ULUSAL KAHRAMANLIK ÇİZGİSİ ZAFERE YÜRÜYEN KÜRDİSTAN HALKININ YENİLMEZ GERÇEĞİDİR (10.BÖLÜM)
Mazlum Doğan Yoğun Bir Çabanın, Emeğin, Akışkan Bir Yaşamın Sahibiydi
Önderlik Mazlum için “günde 500 sayfa kitabı etüt ederdi” dedi. Mazlum Doğan böyle okuyordu. 500 sayfayı sadece okumuyordu, ondan not da çıkarıyordu. Kanun defteri gibi üst üste yığılmış, hepsi doldurulmuş üç, dört tane not defteri vardı. Öyle bir çalışma temposu vardı. Çaba harcıyordu. Boş zaman geçirmiyordu. Durmuyordu.
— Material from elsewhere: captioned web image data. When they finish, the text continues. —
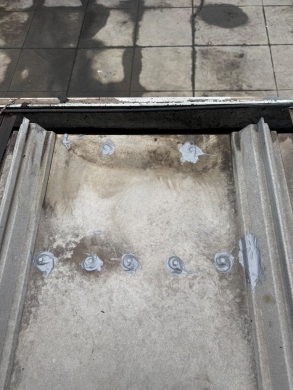 Commercial Metal Roof Fastener Sealing and Gutter Outlet Clearing – Charlotte, NC project photo 4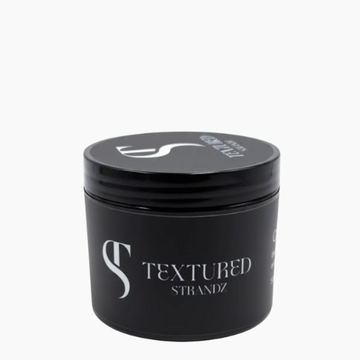 Black jar of 'Textured Strandz' hair product on a white background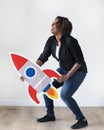 African descent woman holding rocketship icon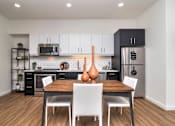 Thumbnail 6 of 20 - an open kitchen and dining area with a wooden table and white chairs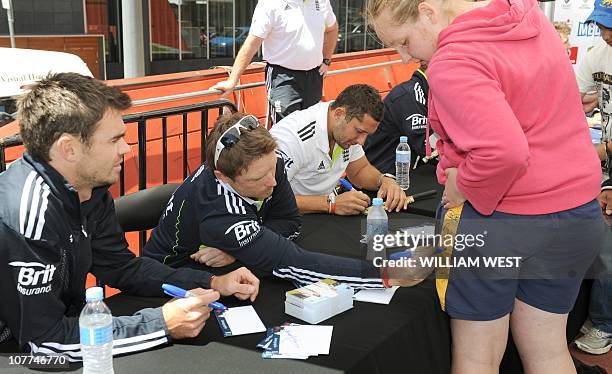 England batsman Ian Bell signs an autograph on the shorts of a fan as teammate James Anderson looks on during a public appearance of the Australian...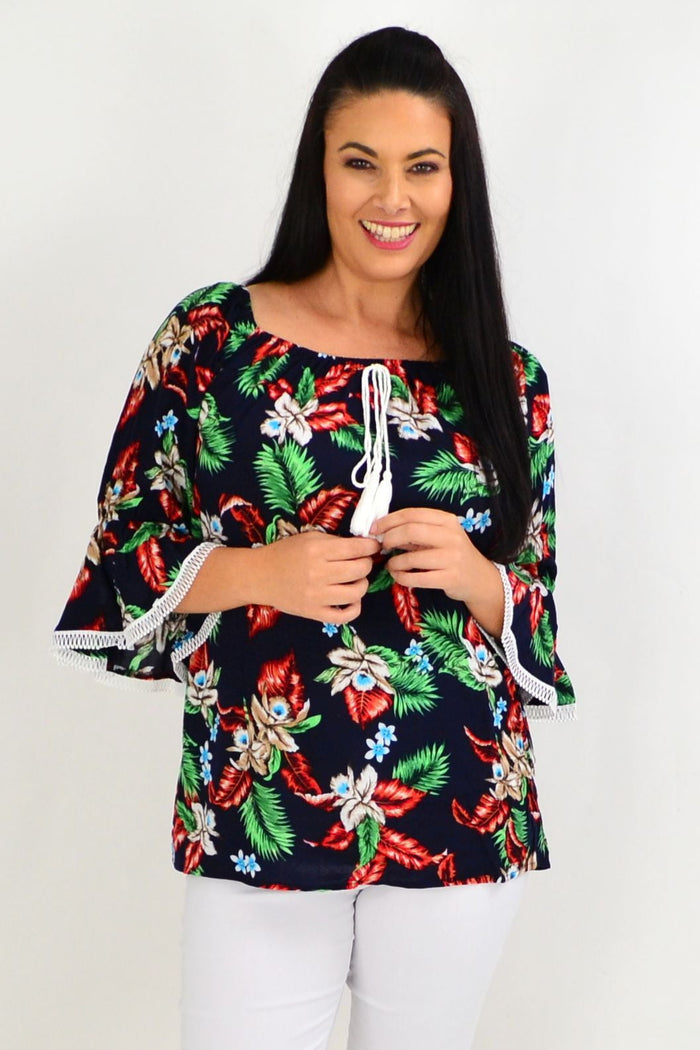 Navy tropical tassel off-shoulder tunic top with black boho floral pattern by Missy Q, made of lightweight rayon fabric.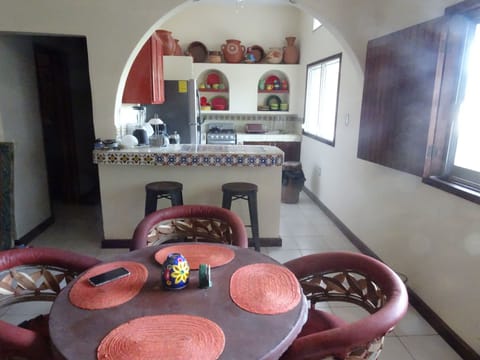 Dining table and bar with stools,  looking into the kitchen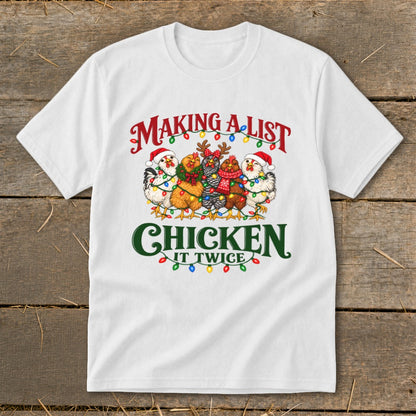 White t-shirt with five chickens wearing Santa hats and Christmas lights, text "MAKING A LIST CHICKEN IT TWICE."
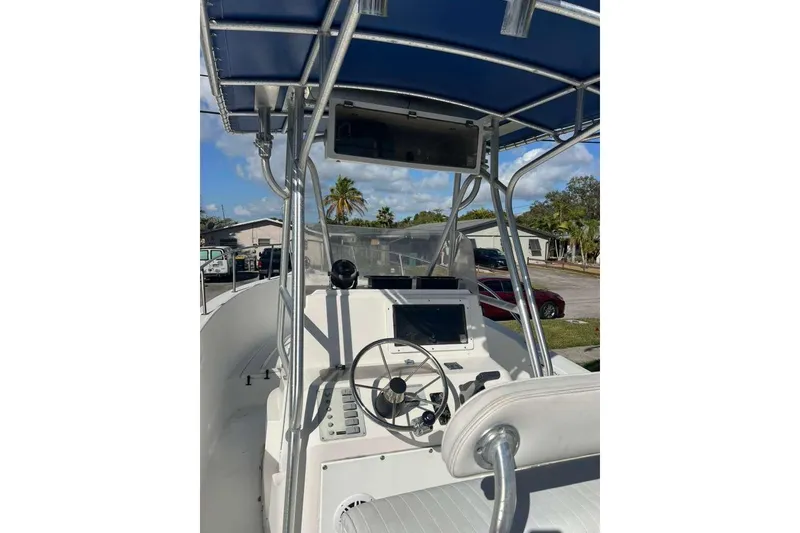 Slide: The Image of 1997 Cobia 244 Center Console boat with steering wheel and navigation equipment. - 9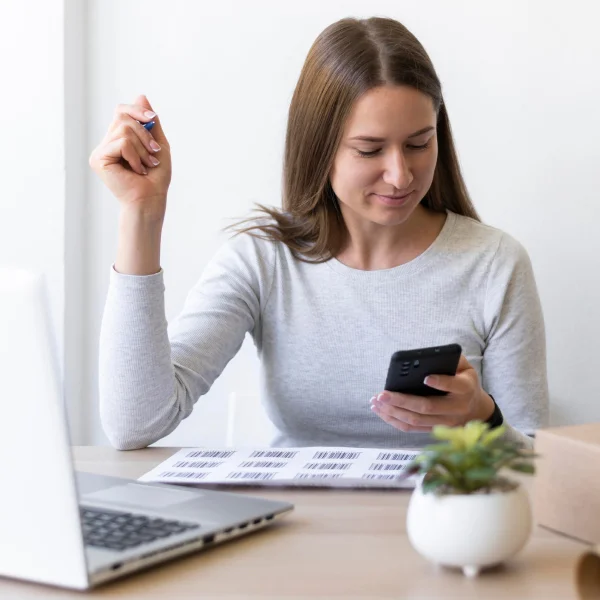 A woman sitting at a desk uses her cell phone, focused on managing her finances to get out of debt.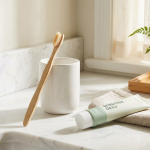 Soft-bristled toothbrush and a tube of toothpaste on a bright bathroom counter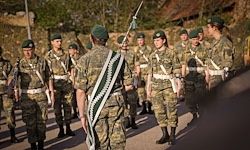 Soldaten in Militäruniformen marschieren in einer Reihe auf einer Straße, wobei eine Person vorne eine Fahne trägt. Bäume und ein Gebäude sind im Hintergrund.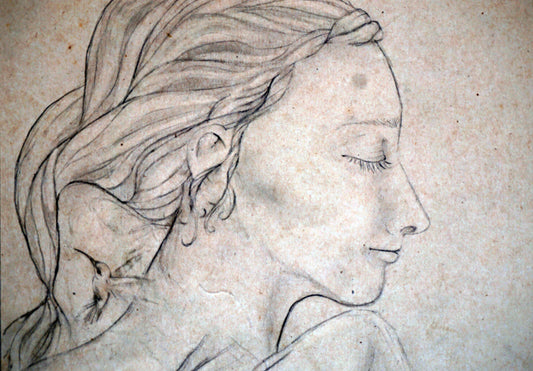 Detalle de rostro femenino con los cerrados.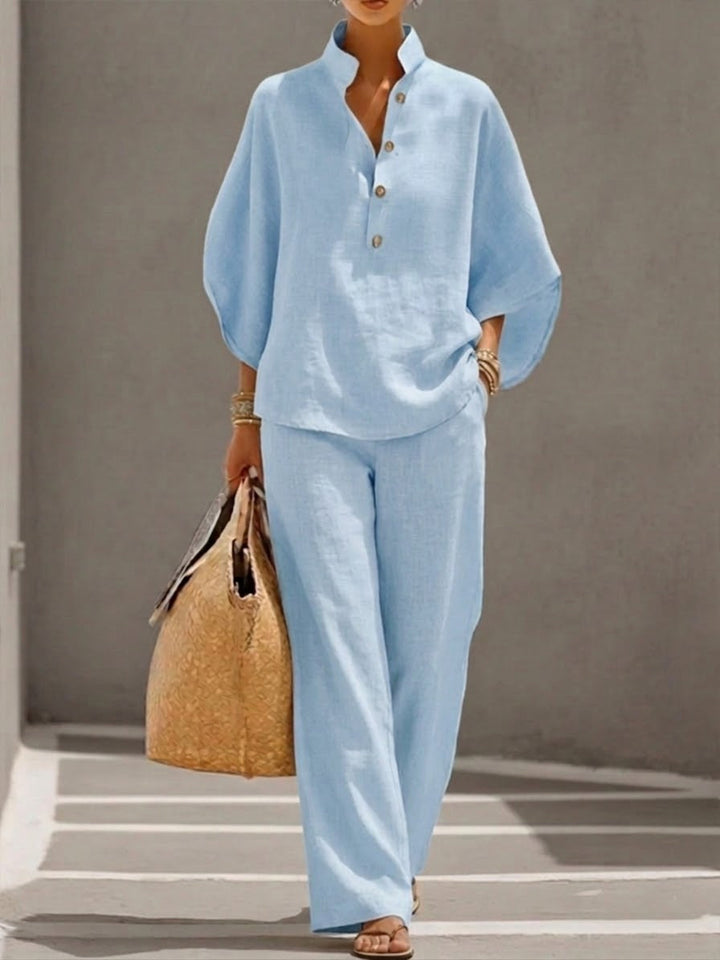 Elegante dames tweedelige set. Top met vleermuismouwen & minimalistische wijde broek. Perfect voor zomer.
Boş sohbetçi değildi. Okuyordu, inceliyordu, not çıkarıyordu, anlamaya çalışıyordu. Bilgi edinmeye çalışıyordu. Tartışıyordu. Bildiklerini anlatıyordu, başkalarının bildiklerinden bir şeyler öğrenmeye çalışıyordu. Yani yoğun bir çabanın, emeğin, akışkan bir yaşamın sahibiydi.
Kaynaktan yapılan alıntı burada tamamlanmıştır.